BRIEF DESCRIPTION OF THE DRAWINGS

[0010]In order to understand the invention more fully, reference is made to the accompanying drawings. The invention is described in accordance with the aspects and embodiments in the following description with reference to the drawings or figures (FIG.), in which like numbers represent the same or similar elements. Understanding that these drawings are not to be considered limitations in the scope of the invention, the presently described aspects and embodiments and the presently understood best mode of the invention are described with additional detail through use of the accompanying drawings.

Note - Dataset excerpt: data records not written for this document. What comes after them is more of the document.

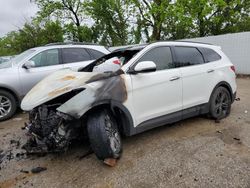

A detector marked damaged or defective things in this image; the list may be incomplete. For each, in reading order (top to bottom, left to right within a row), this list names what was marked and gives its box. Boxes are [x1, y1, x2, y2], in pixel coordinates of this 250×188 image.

burned hood [21, 68, 106, 110]
fire damage [19, 47, 141, 159]
damaged front end [22, 104, 81, 154] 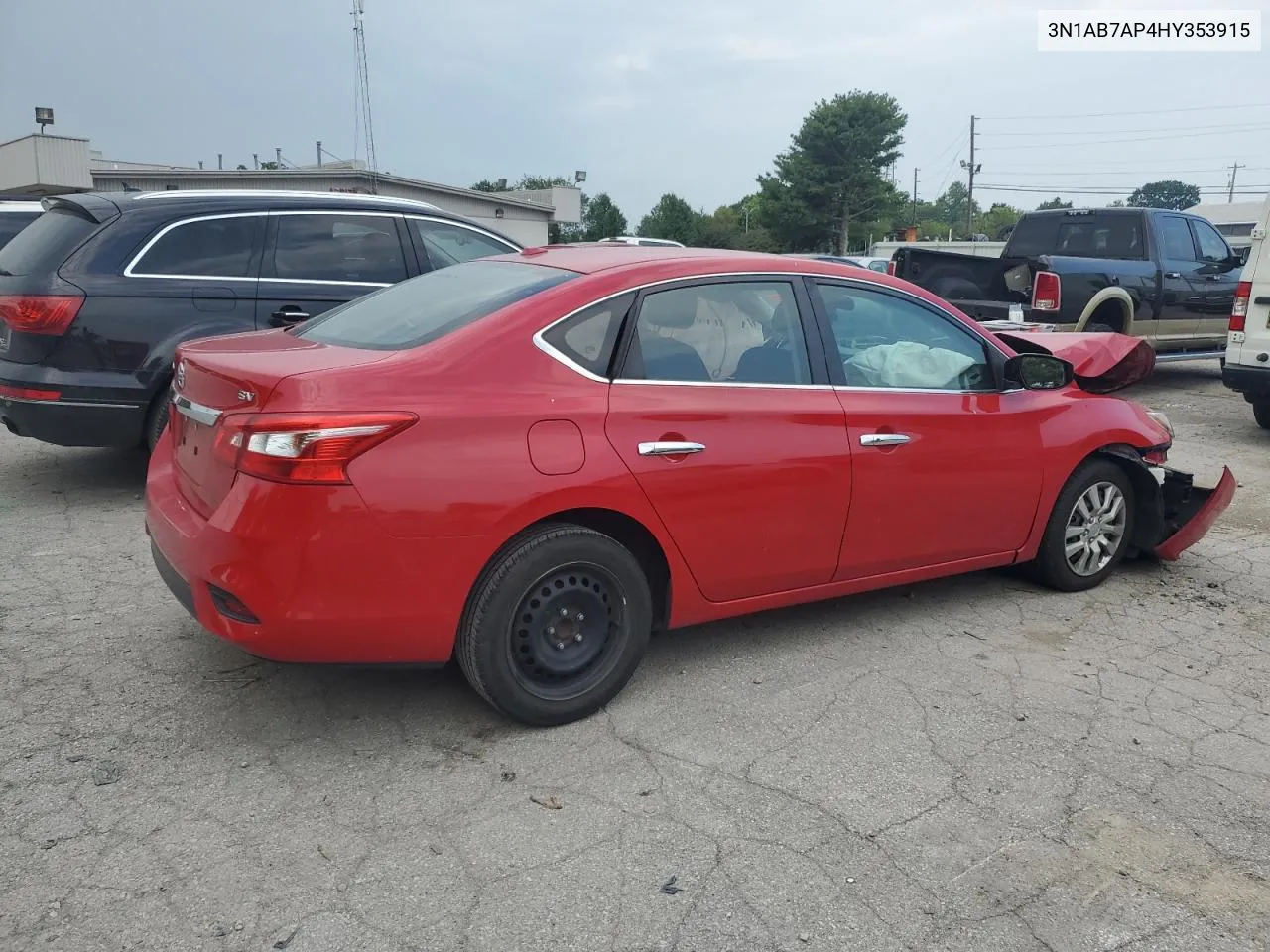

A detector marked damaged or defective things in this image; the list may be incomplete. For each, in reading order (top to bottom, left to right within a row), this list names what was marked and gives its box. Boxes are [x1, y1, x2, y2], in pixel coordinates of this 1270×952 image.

front-end collision damage [1095, 448, 1238, 563]
broken bumper [1151, 466, 1230, 563]
cracked asphalt [2, 359, 1270, 952] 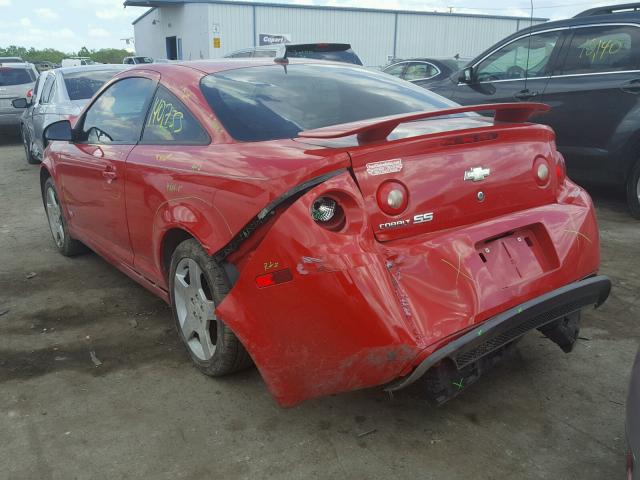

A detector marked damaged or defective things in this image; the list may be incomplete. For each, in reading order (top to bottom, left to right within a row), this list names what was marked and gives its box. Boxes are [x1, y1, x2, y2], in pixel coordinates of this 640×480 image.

broken tail lamp housing [310, 196, 344, 232]
crumpled fender [218, 172, 422, 404]
damaged rear bumper [384, 274, 608, 394] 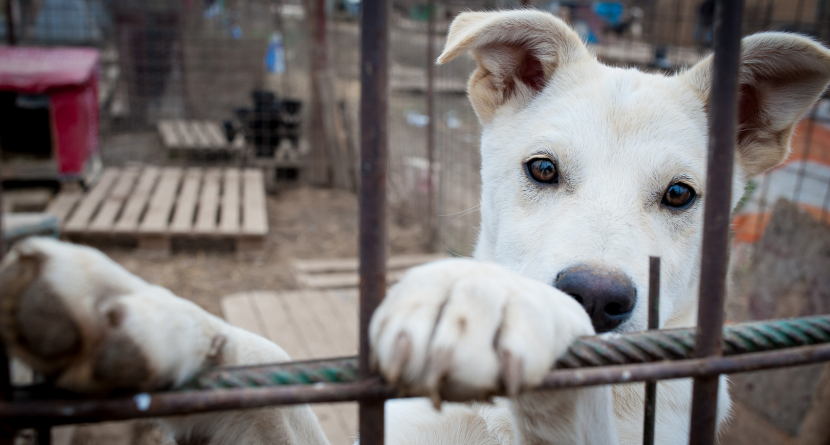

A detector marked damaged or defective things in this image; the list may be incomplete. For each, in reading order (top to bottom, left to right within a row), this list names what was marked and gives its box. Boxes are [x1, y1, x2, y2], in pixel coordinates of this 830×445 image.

rusty metal bar [360, 0, 392, 438]
rusty metal bar [0, 342, 828, 428]
rusty metal bar [644, 256, 664, 444]
rusty metal bar [688, 1, 748, 442] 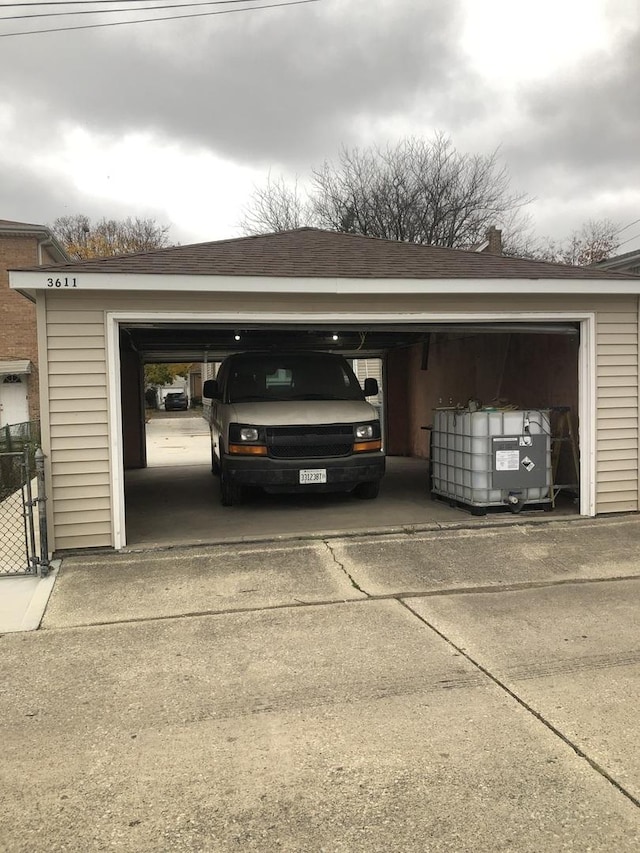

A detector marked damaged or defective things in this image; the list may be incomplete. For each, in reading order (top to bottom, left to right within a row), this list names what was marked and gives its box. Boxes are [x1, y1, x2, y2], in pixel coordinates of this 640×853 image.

[0011]FIG. 1 illustrates an example network-on-chip (NoC) including various NoC elements.

[0012]FIG. 2 illustrates a method of designing a NoC in accordance with various aspects and embodiments of the invention.

[0013]FIG. 3 illustrates a simple example of a NoC topology.

[0014]FIG. 4 illustrates an example floorplan onto which a NoC will be implemented.

[0015]FIG. 5 illustrates a connectivity table for a NoC and a table with flags that enable specific communication policies for different traffic classes.

[0016]FIG. 6 illustrates a simplistic NoC topology created in accordance with the various aspects and embodiments of the invention.

[0017]FIG. 7 illustrates decomposition of main switches of the simplistic NoC topology of FIG. 6 into mergers and splitters in accordance with the various aspects and embodiments of the invention.

[0018]FIG. 8 illustrates a roadmap for an initiator network interface unit (NIU) in the NoC topology of FIG. 6 in accordance with the various aspects and embodiments of the invention.

[0019]FIG. 9 illustrates a roadmap for a target NIU in the NoC topology of FIG. 6 in accordance with the various aspects and embodiments of the invention.

[0020]FIG. 10 illustrates decomposition of a main splitter into a cascade of splitters distributed physically along a splitter roadmap in accordance with the various aspects and embodiments of the invention.

[0021]FIG. 11 illustrates decomposition of a main merger into a cascade of mergers distributed physically along a merger roadmap in accordance with the various aspects and embodiments of the invention.

[0022]FIG. 12 illustrates an two neighboring switches that are fused in accordance with the various aspects and embodiments of the invention.

[0023]FIG. 13A and FIG. 13B illustrate a NoC subnetwork before and after wire optimization in accordance with the various aspects and embodiments of the invention.

[0024]FIG. 14 is graph that represents a simplistic NoC topology.

[0025]FIG. 15 illustrates a method of using reinforcement learning to optimize a NoC topology in accordance with the various aspects and embodiments of the invention.

[0026]FIG. 16 illustrates a tree search algorithm in accordance with the various aspects and embodiments of the invention.

[0027]FIG. 17 illustrates a computer system in accordance with various aspects and embodiments of the invention.

DETAILED DESCRIPTION

[0028]The following describes various examples of the present technology that illustrate various aspects and embodiments of the invention. Generally, examples can use the described aspects in any combination. All statements herein reciting principles, aspects, and embodiments as well as specific examples thereof, are intended to encompass both structural and functional equivalents thereof. Additionally, it is intended that such equivalents include both currently known equivalents and equivalents developed in the future, i.e., any elements developed that perform the same function, regardless of structure.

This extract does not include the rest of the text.